[[ Data for analysis open ]]

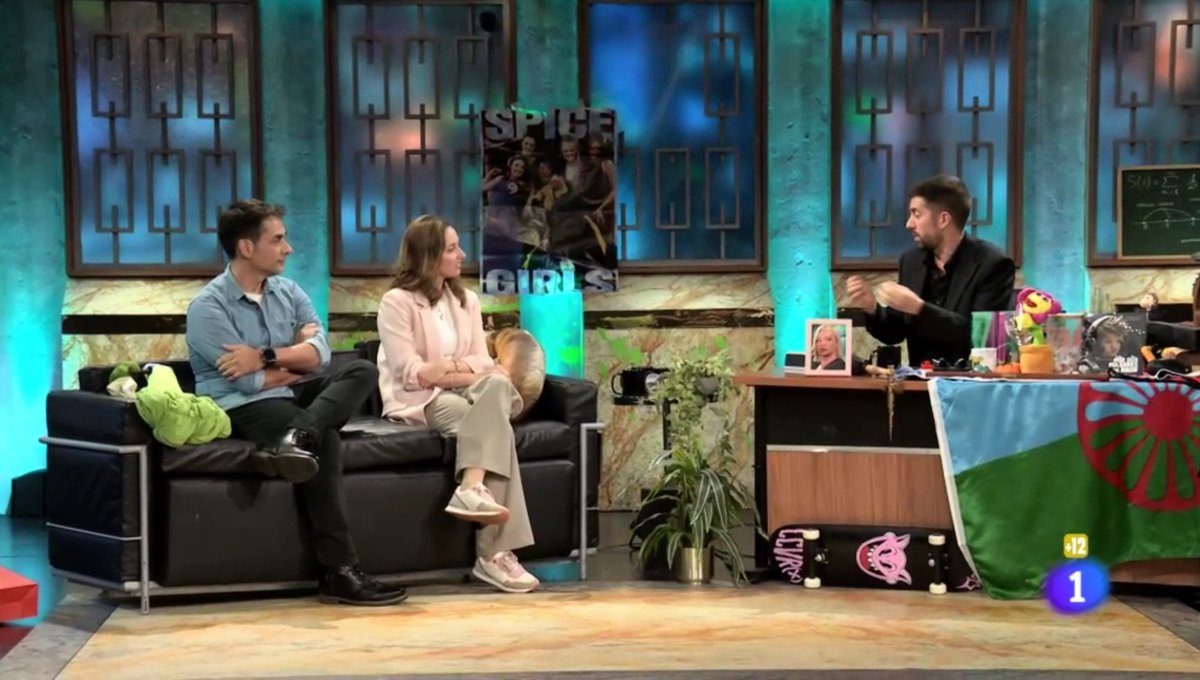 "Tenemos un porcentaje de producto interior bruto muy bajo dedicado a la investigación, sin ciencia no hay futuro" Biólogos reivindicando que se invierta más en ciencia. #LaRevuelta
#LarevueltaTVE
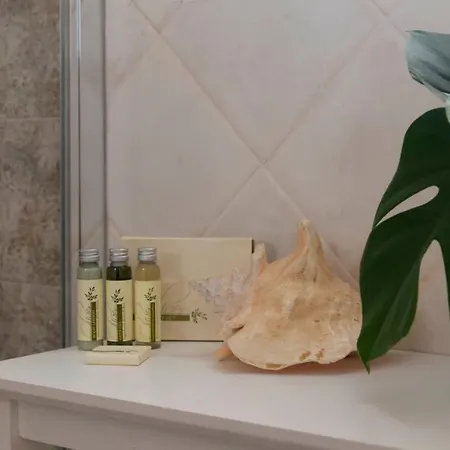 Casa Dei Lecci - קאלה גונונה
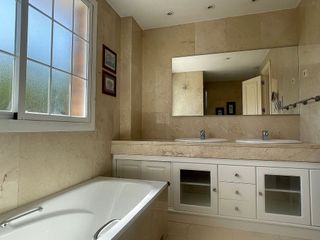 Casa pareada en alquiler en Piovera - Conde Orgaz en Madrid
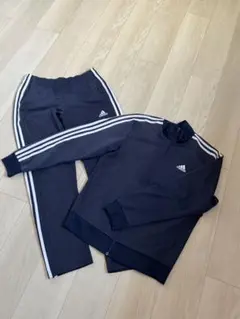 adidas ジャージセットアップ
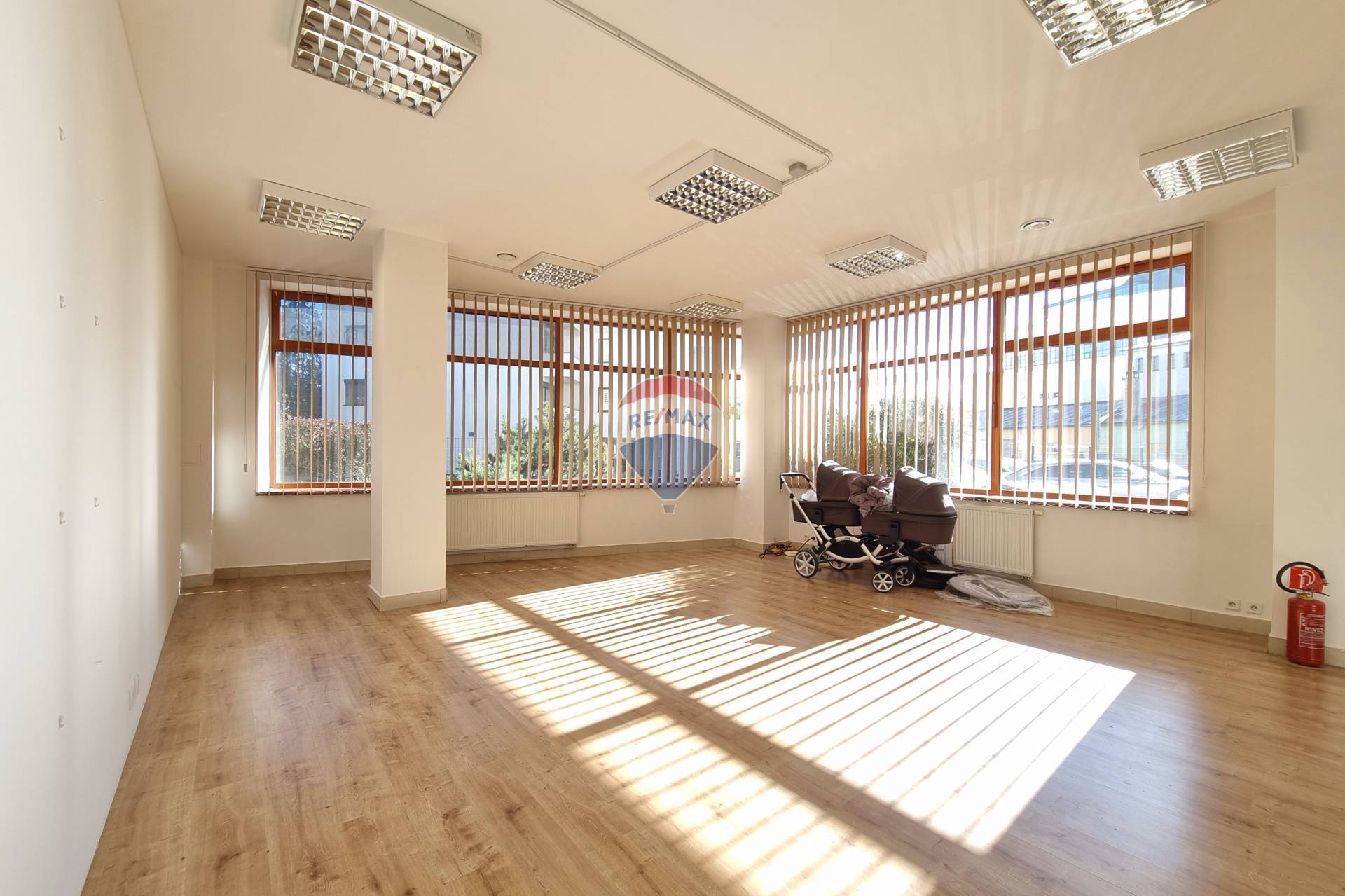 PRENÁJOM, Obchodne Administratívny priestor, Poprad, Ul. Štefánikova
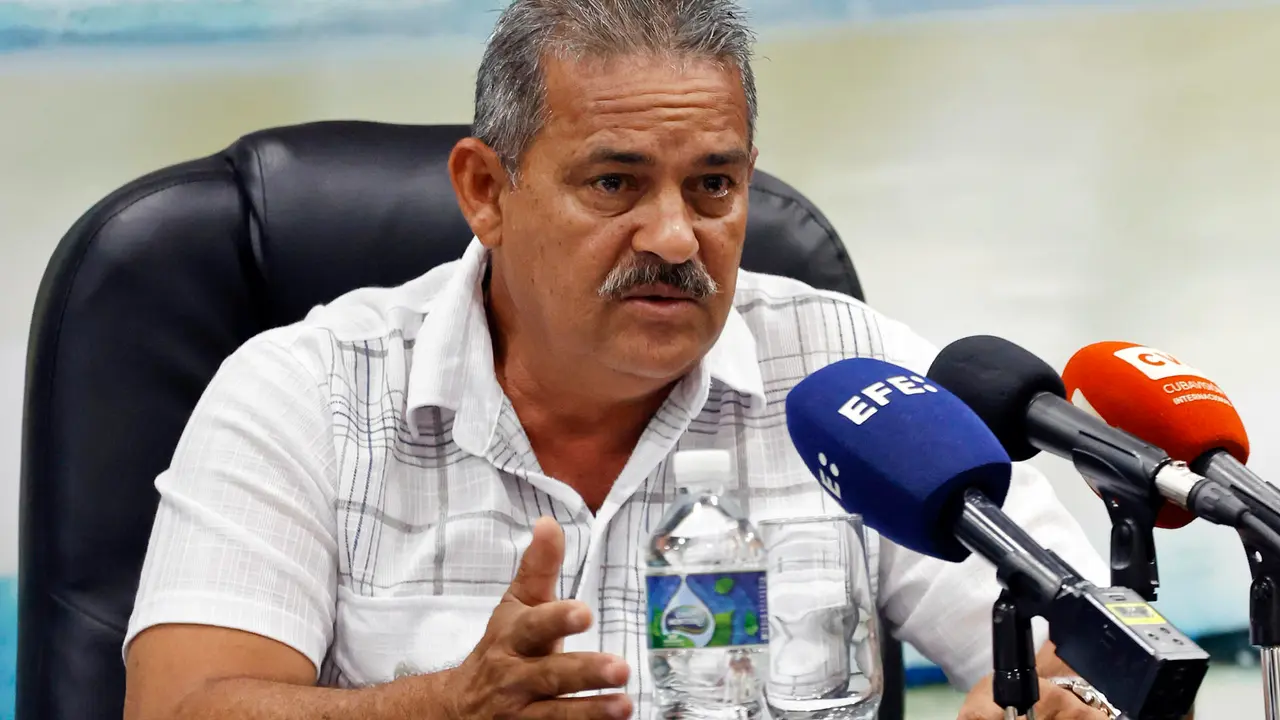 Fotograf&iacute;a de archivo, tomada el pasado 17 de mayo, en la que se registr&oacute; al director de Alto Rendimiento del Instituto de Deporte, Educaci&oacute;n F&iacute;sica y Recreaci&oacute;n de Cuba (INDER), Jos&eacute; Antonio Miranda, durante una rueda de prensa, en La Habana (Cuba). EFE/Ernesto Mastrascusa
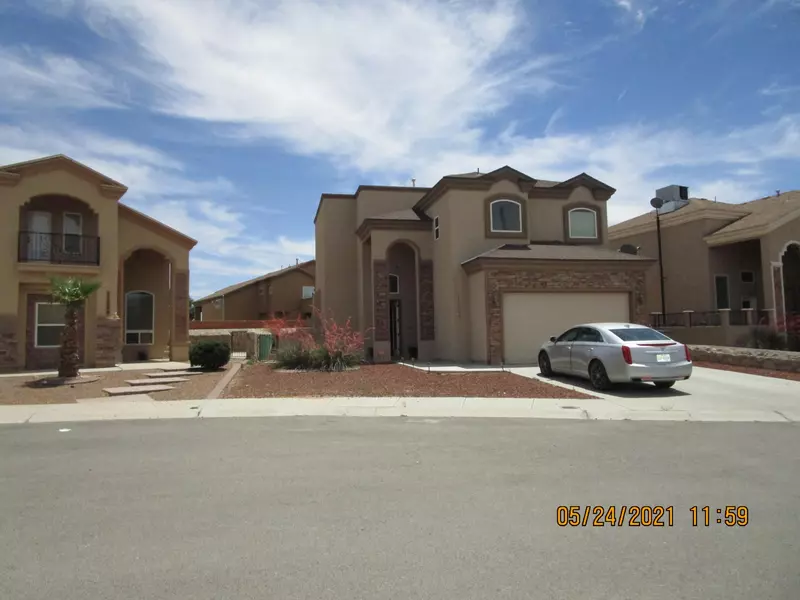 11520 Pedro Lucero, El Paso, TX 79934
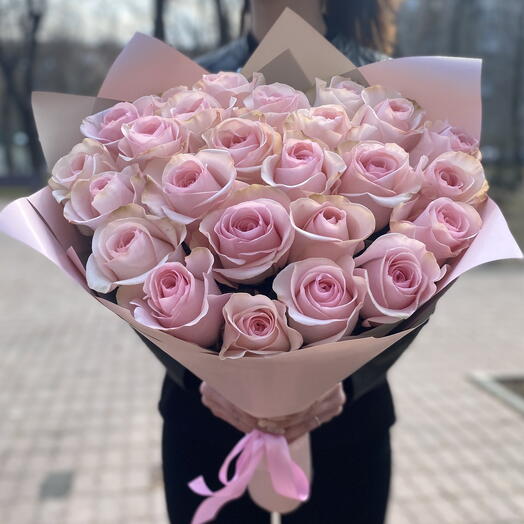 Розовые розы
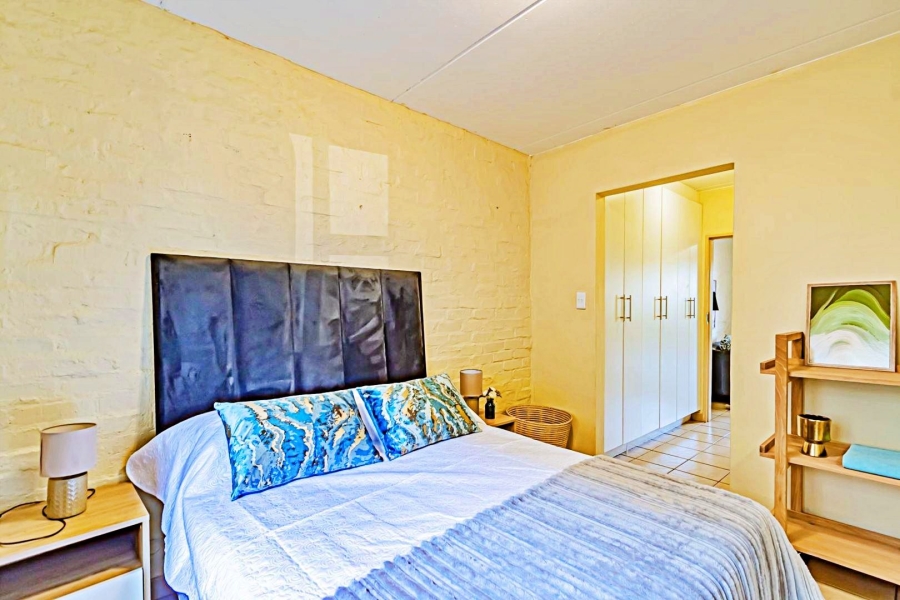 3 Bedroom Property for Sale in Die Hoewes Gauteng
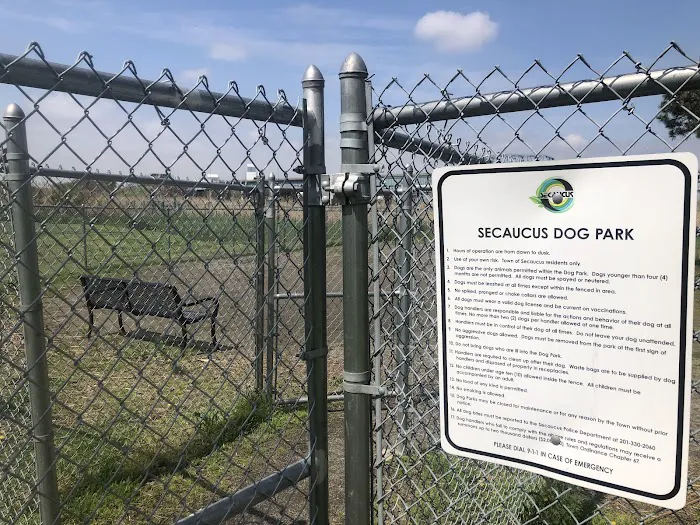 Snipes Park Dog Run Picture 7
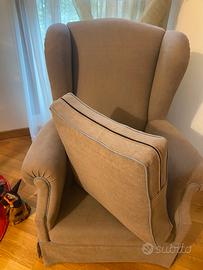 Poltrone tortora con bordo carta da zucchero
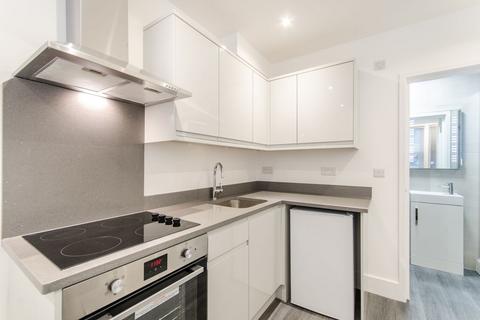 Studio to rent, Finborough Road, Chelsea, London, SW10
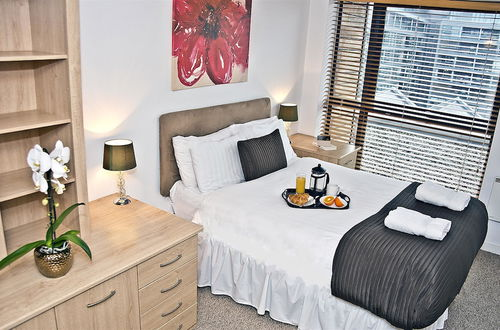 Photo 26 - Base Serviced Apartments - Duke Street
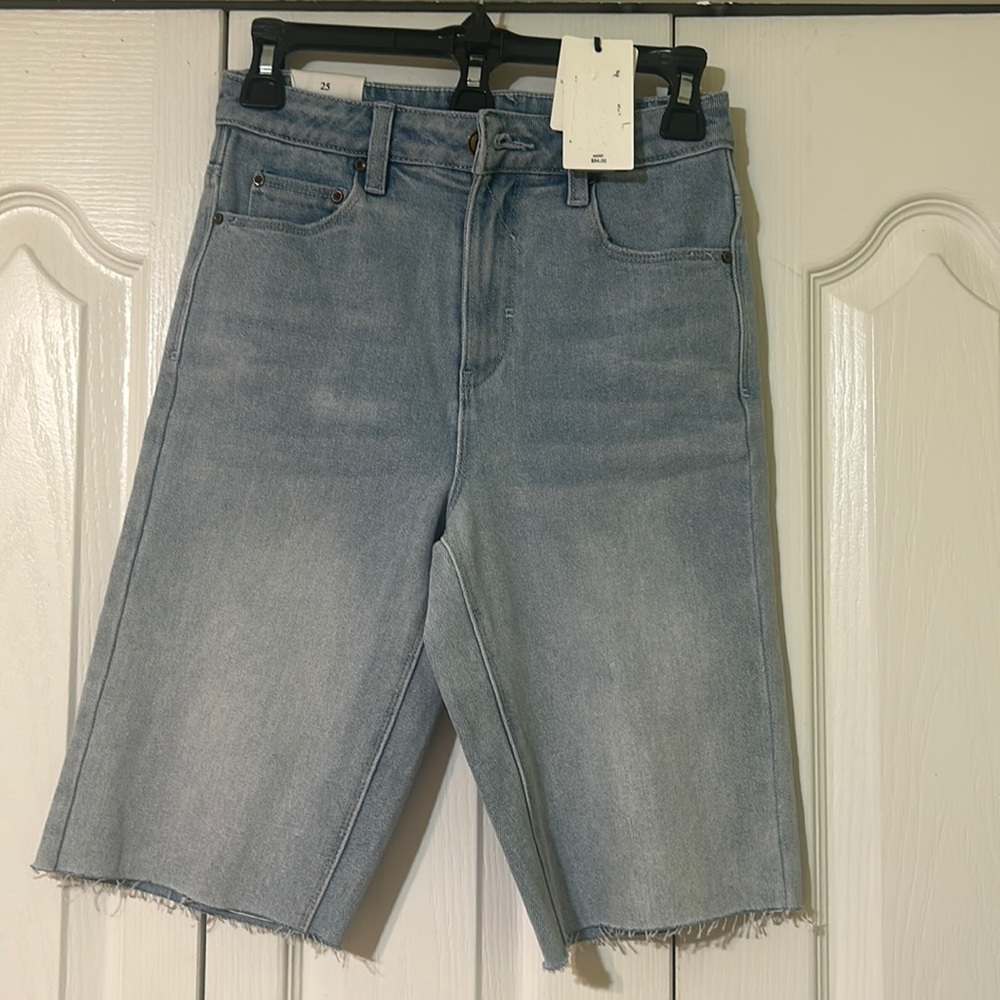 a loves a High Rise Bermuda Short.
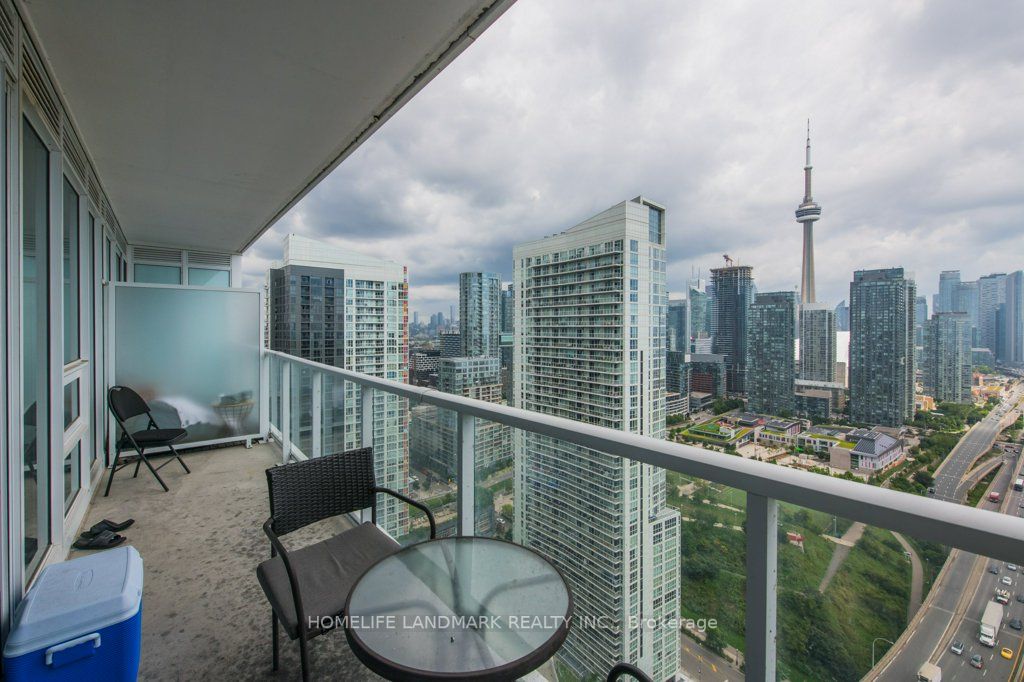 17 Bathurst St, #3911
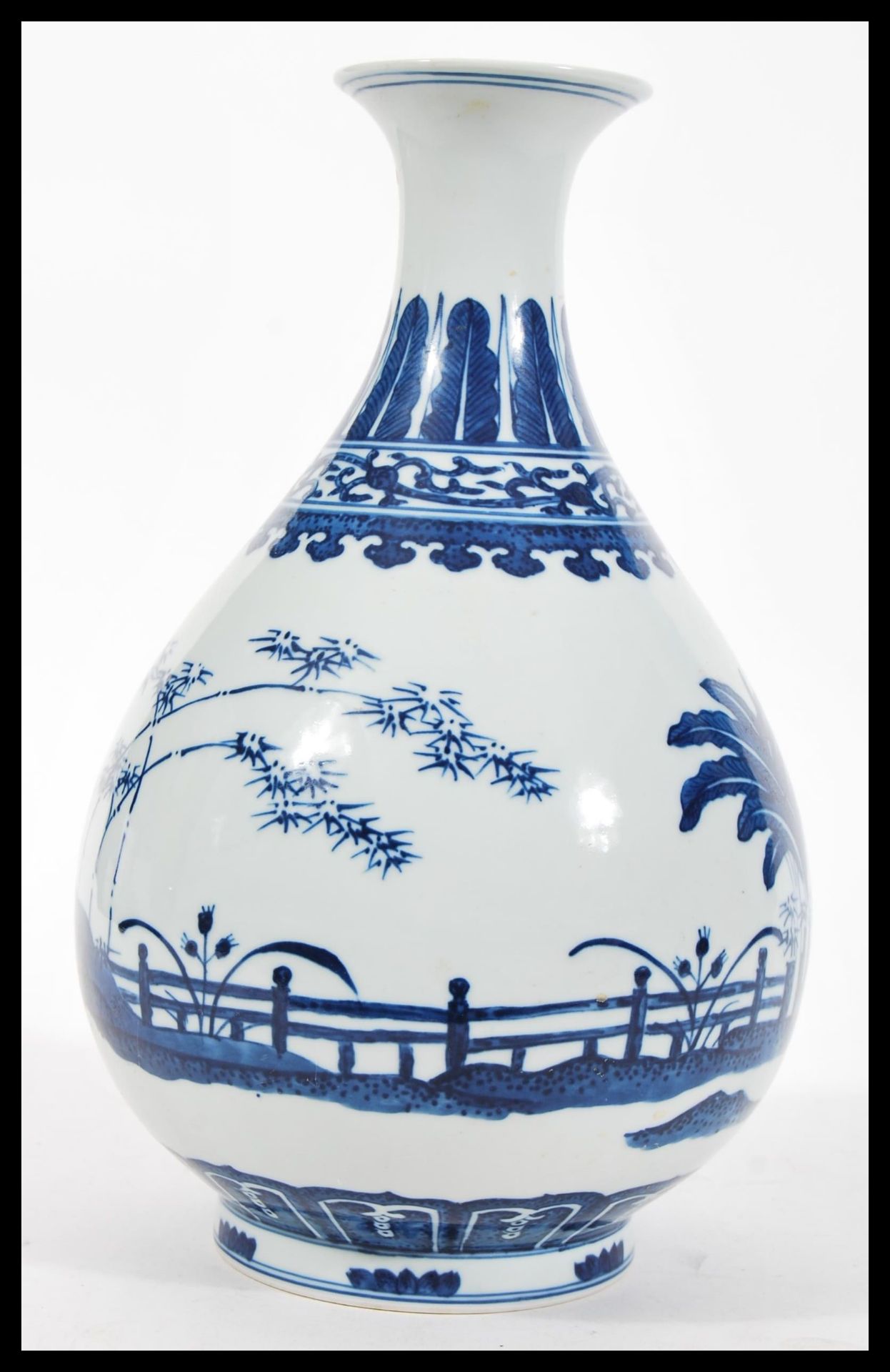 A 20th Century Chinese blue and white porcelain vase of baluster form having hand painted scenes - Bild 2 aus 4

[[ Data for analysis closed ]]

Exercise objective:
Reproduce all entries above exactly, minus the images.

Reply:
 "Tenemos un porcentaje de producto interior bruto muy bajo dedicado a la investigación, sin ciencia no hay futuro" Biólogos reivindicando que se invierta más en ciencia. #LaRevuelta
#LarevueltaTVE
 Casa Dei Lecci - קאלה גונונה
 Casa pareada en alquiler en Piovera - Conde Orgaz en Madrid
 adidas ジャージセットアップ
 PRENÁJOM, Obchodne Administratívny priestor, Poprad, Ul. Štefánikova
 Fotograf&iacute;a de archivo, tomada el pasado 17 de mayo, en la que se registr&oacute; al director de Alto Rendimiento del Instituto de Deporte, Educaci&oacute;n F&iacute;sica y Recreaci&oacute;n de Cuba (INDER), Jos&eacute; Antonio Miranda, durante una rueda de prensa, en La Habana (Cuba). EFE/Ernesto Mastrascusa
 11520 Pedro Lucero, El Paso, TX 79934
 Розовые розы
 3 Bedroom Property for Sale in Die Hoewes Gauteng
 Snipes Park Dog Run Picture 7
 Poltrone tortora con bordo carta da zucchero
 Studio to rent, Finborough Road, Chelsea, London, SW10
 Photo 26 - Base Serviced Apartments - Duke Street
 a loves a High Rise Bermuda Short.
 17 Bathurst St, #3911
 A 20th Century Chinese blue and white porcelain vase of baluster form having hand painted scenes - Bild 2 aus 4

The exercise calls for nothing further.